Kisah sebelumnya : Rinai Renjana Ungu #24
* * *
Dan
semuanya terjadi begitu saja bagi Anna. Menenggelamkannya makin dalam. Menjadi
kekasih Steve. Menerima segala bentuk hujan perhatian dan cinta dari laki-laki
itu. Segala sesuatu yang membuai dan melambungkan angan indahnya begitu tinggi.
Makin menjauhkannya dari semua angan tentang Rafael. Dan...
Menjadi
terlalu jauh. Tanpa Anna pernah sadar sepenuhnya. Tanpa Anna bisa menyalahkan
Steve. Karena dia sendiri yang terseret dan terbuai. Walau semuanya karena
rayuan Steve.
Dan
Steve tak akan pernah melupakan hal itu. Ketika suatu pagi Anna meneleponnya.
Dengan suara bergetar. Membuat semua perbendaharaan kehidupan dalam otaknya
mendadak terasa menguap. Meninggalkan ruang kosong dan gelap yang begitu luas.
“Mas Steve,
aku hamil...”
Steve
terduduk lunglai. Bukan karena ingin menghindari tanggung jawab. Dia mencintai
Anna. Kariernya sudah mapan. Bisa memberi Anna segala yang dibutuhkan. Dan anak
dalam perut Anna adalah benar-benar anaknya.
Dia
hanya tak tahu harus bagaimana memberitahukan kehamilan Anna pada mamanya. Hingga
dia memutuskan untuk pergi ke Bogor, menemui Rafael. Tanpa pernah siap menerima
kemarahan saudara kembarnya itu.
“Kamu
sudah gila!” bentak Rafael sambil menggebrak meja kantornya.
Steve
tertegun. Tapi pikirannya terlalu kalut untuk dapat mencerna arti kemarahan
Rafael.
“Nggak
bisakah sedikit saja kamu menjaga kelakuanmu?! Sembarang gadis kamu tiduri! Dan
sekarang Anna! Besok siapa lagi?!” suara Rafael yang biasanya sangat sabar
terdengar menggelegar.
Steve
mengangkat wajah sedetik, untuk kemudian tertunduk lagi. Tak sanggup menerima
semburan kemarahan yang menyala dalam mata Rafael.
“Anna
itu gadis baik-baik, Steve!” Rafael belum menurunkan nada suaranya. “Nggak
seperti semua gadis yang pernah kamu pacari! Kenapa hal seperti ini saja kamu
nggak paham?!”
Lalu
hening. Rafael menjatuhkan badan ke atas kursi. Ditatapnya Steve dengan letih.
“Kamu
tidak memperkosanya kan?” tanya Rafael, getas.
“Aku
merayunya,” jawab Steve lirih, jujur. “Dan dia masih polos. Aku...”
“Bicaralah
sama Mama,” potong Rafael dengan nada lebih rendah. “Makin cepat makin bagus.
Dan kurasa kamu harus menikahi Anna, Steve. Dia tanggung jawabmu.”
“Bisa
menemaniku bicara pada Mama?” ucap Steve nyaris tak terdengar.
Rafael
menggeleng. “Itu masalah kalian, Anna dan kamu. Kalian hadapilah sendiri.
Beranilah menghadapi Mama. Kalian udah dewasa.”
Steve
tahu. Sikap Rafael tak lagi bisa ditawar.
* * *
Anna terdiam lama.
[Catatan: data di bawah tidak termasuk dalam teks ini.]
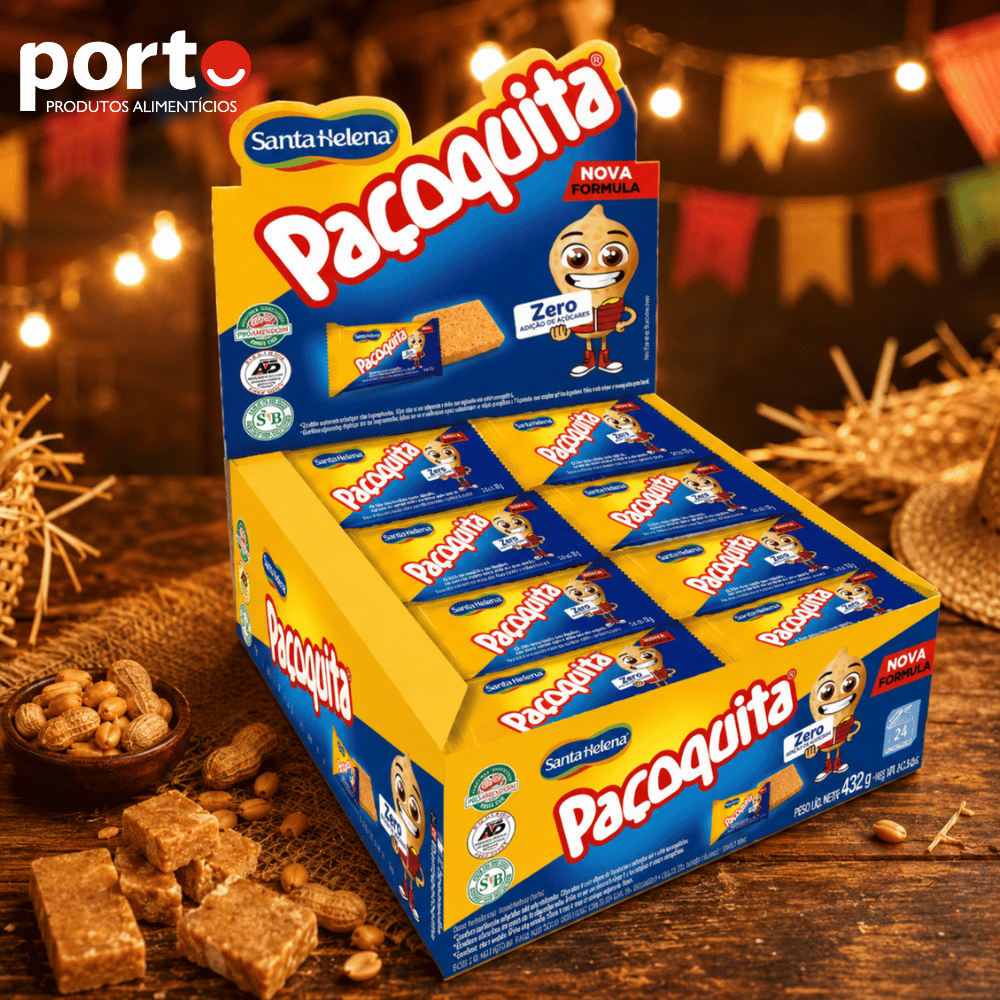 Paçoquita Diet Santa Helena Caixa com 24 Unidades de 18g 432g - Promoção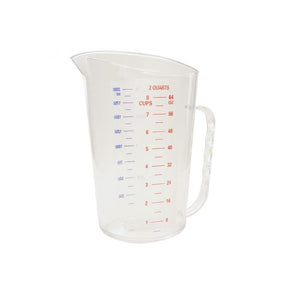Taza medidora de policarbonato 2 L / 2 qt con medidas US y métricas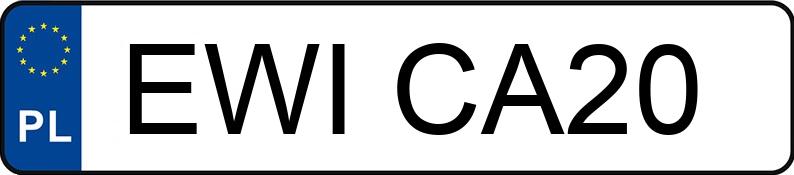 Numer rejestracyjny EWI CA20 posiada MERCEDES-BENZ C 200 CDI - EWICA20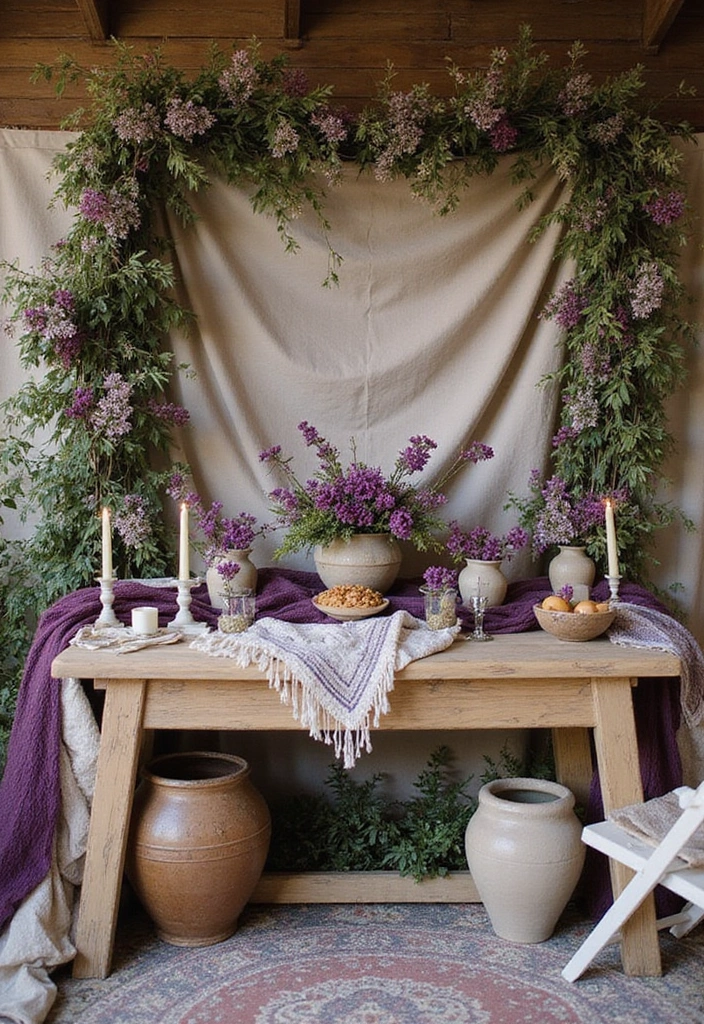 21 Stunning Purple Wedding Styles That Will Leave You Breathless (You Won't Believe #11!) - 3. Bohemian Vibes with Purple Hues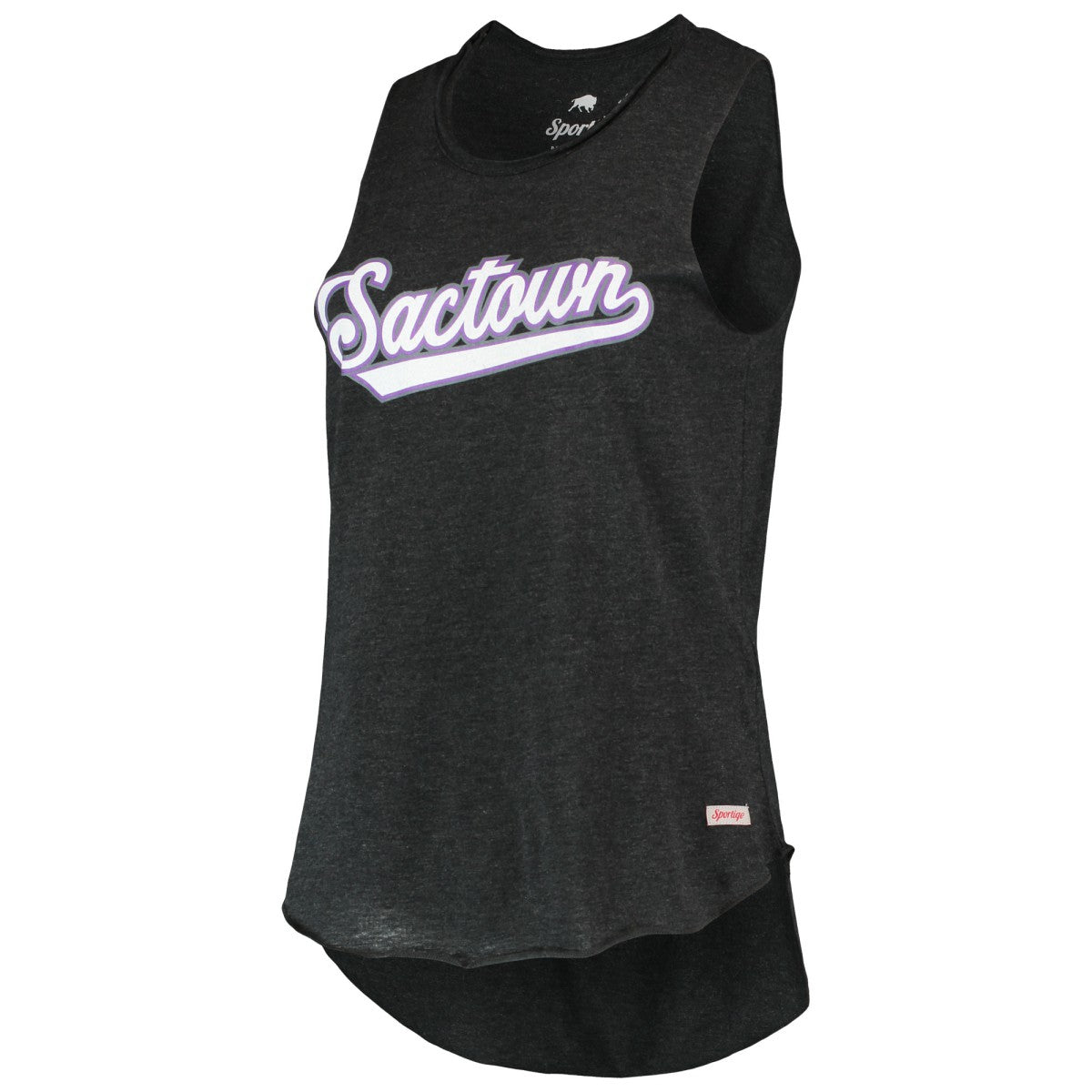 Sacramento Kings Sportiqe Women's Sactown Janie Tri-Blend Tank Top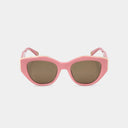 MSS2402-C8-53 MAIA SUNGLASSES WOMEN ROSE SHINY GOLD SOLID BROWN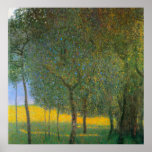 Fruit Trees by Gustav Klimt Poster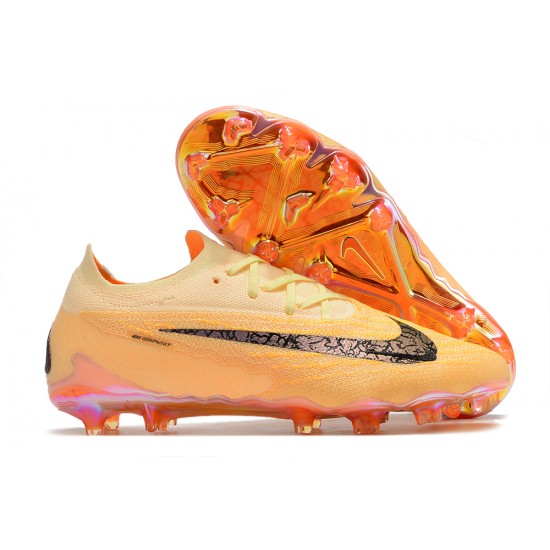 Nike Phantom GX Elite FG Orange Black Low-top Footballboots For Men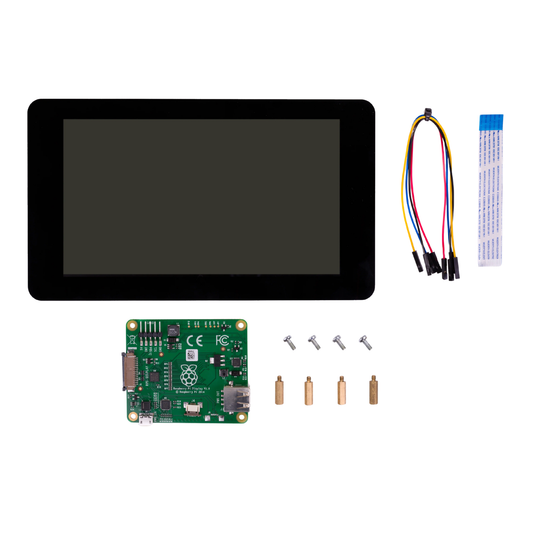 Official Raspberry Pi 4 8gb Starter Kit with 7 inch Touchscreen Display - Robocraze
Ponselnya masih menempel
di telinga.
“An...” suara Steve terdengar halus dari
ujung sana. “Are you still there?”
“Ya,” gumam Anna.
“Aku akan menghadap Mama, An. Setelah itu
kita akan menghadap Bang Jemmy,” ucap Steve. “Secepatnya.”
Anna menggigil. Sesungguhnya dia tak sanggup
mengatakan apa-apa pada Jemmy. Kalau Jemmy tahu dia hamil sebelum berstatus
istri seseorang, bisa-bisa Jemmy menggantungnya di Monas.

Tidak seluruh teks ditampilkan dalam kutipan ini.